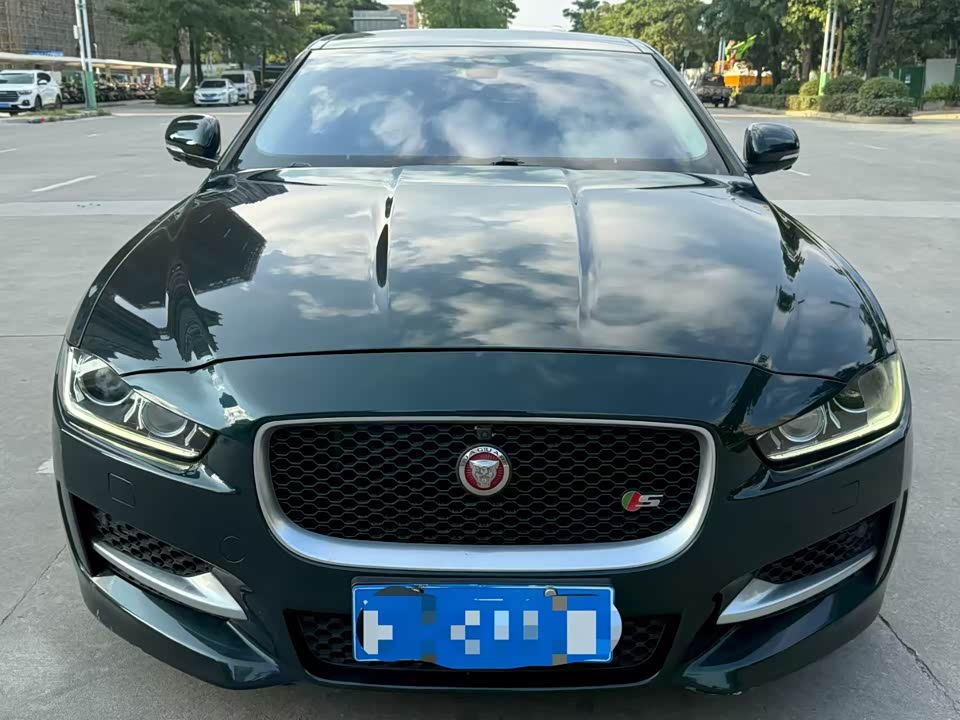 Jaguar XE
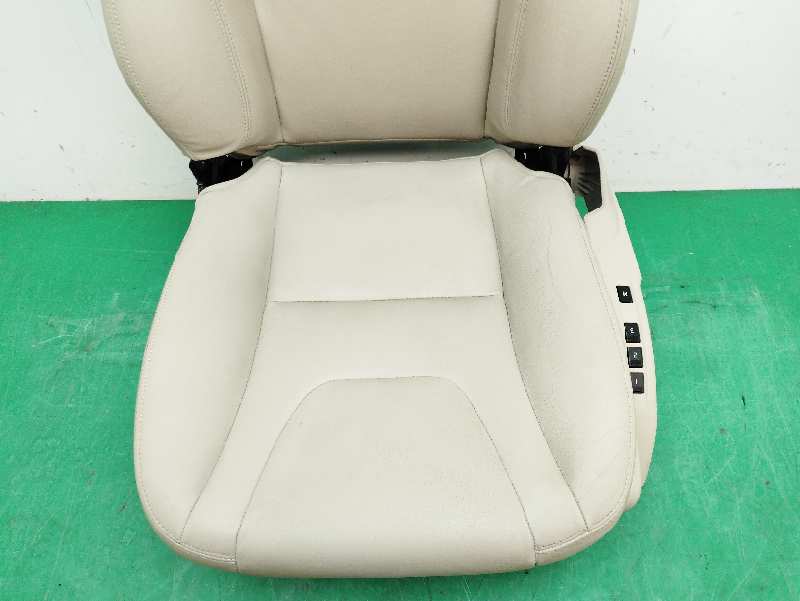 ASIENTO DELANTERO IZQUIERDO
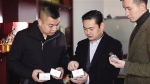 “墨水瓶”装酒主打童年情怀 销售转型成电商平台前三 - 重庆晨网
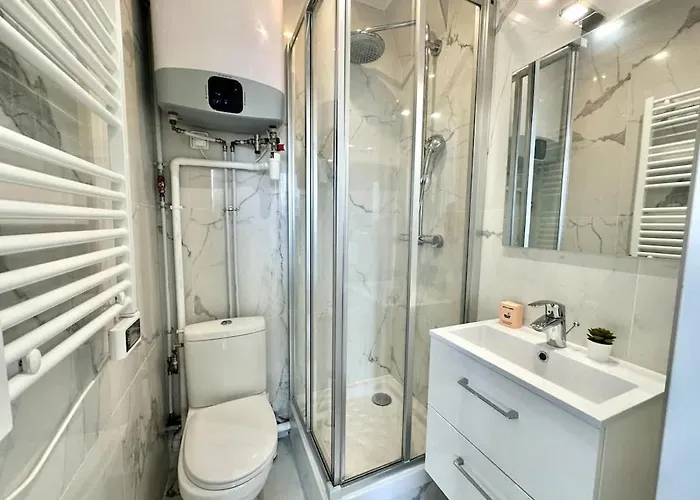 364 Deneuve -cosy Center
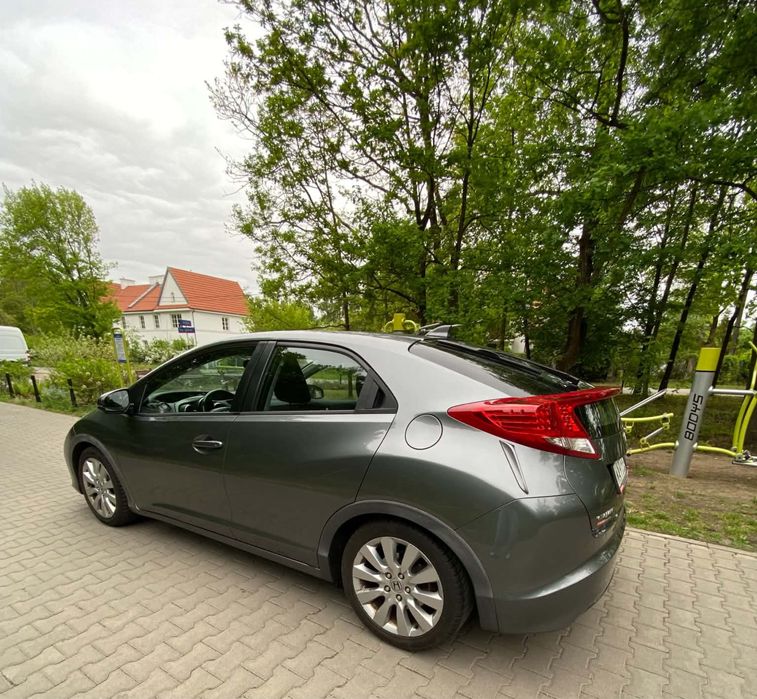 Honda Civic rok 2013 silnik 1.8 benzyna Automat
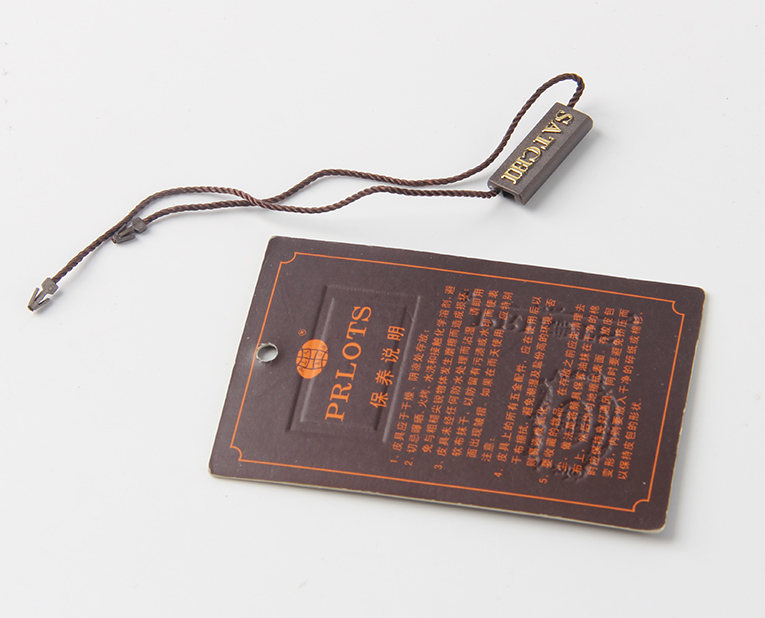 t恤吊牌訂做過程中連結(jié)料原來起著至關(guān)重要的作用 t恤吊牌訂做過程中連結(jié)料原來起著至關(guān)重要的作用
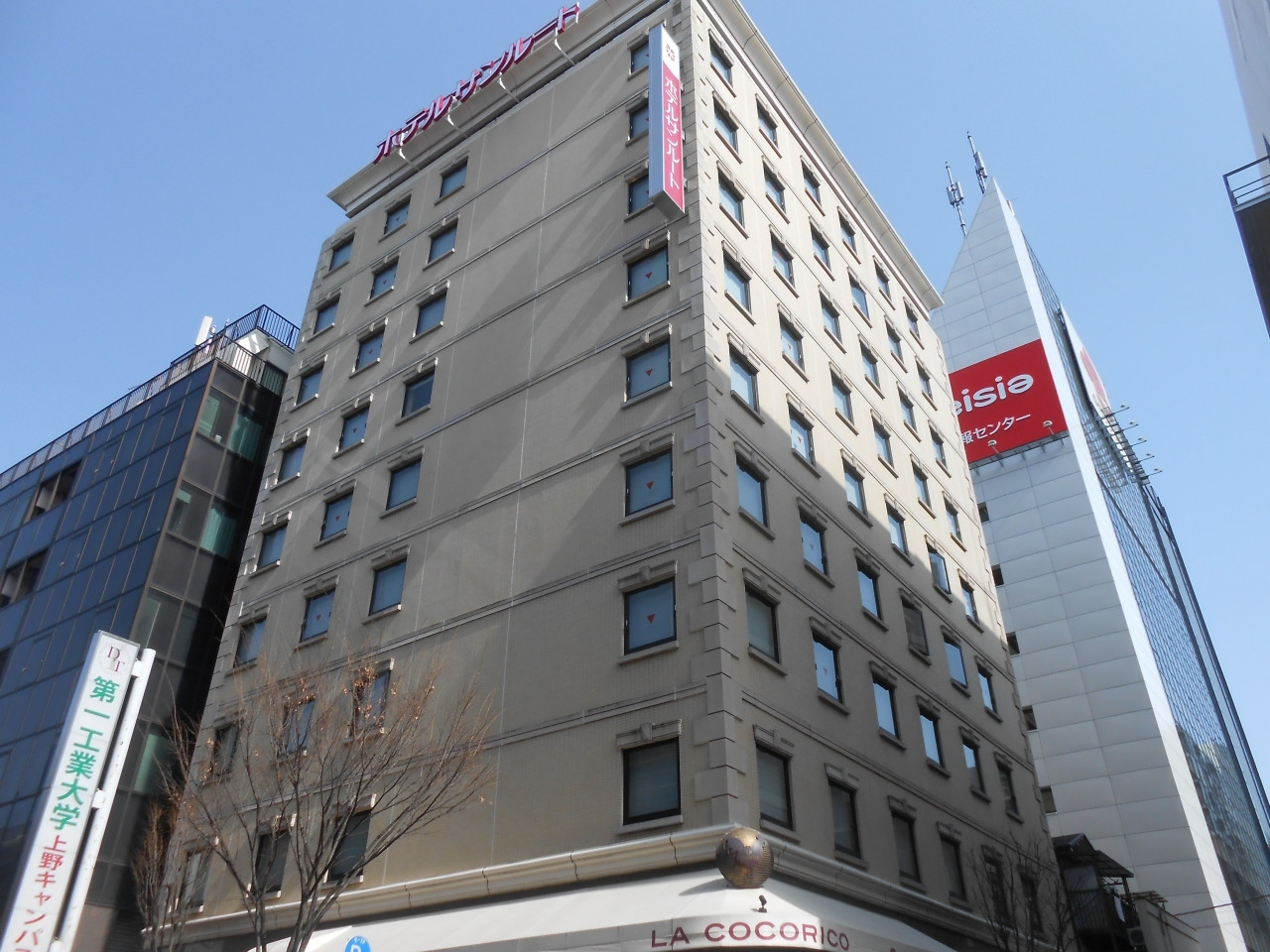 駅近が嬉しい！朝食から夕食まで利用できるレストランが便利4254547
________
WHAT THE EXERCISE ASKS: Would you retype every line shown above exactly, leaving the pictures aside?

YOUR SOLUTION:
 Jaguar XE
 ASIENTO DELANTERO IZQUIERDO
 “墨水瓶”装酒主打童年情怀 销售转型成电商平台前三 - 重庆晨网
 364 Deneuve -cosy Center
 Honda Civic rok 2013 silnik 1.8 benzyna Automat
 t恤吊牌訂做過程中連結(jié)料原來起著至關(guān)重要的作用 t恤吊牌訂做過程中連結(jié)料原來起著至關(guān)重要的作用
 駅近が嬉しい！朝食から夕食まで利用できるレストランが便利4254547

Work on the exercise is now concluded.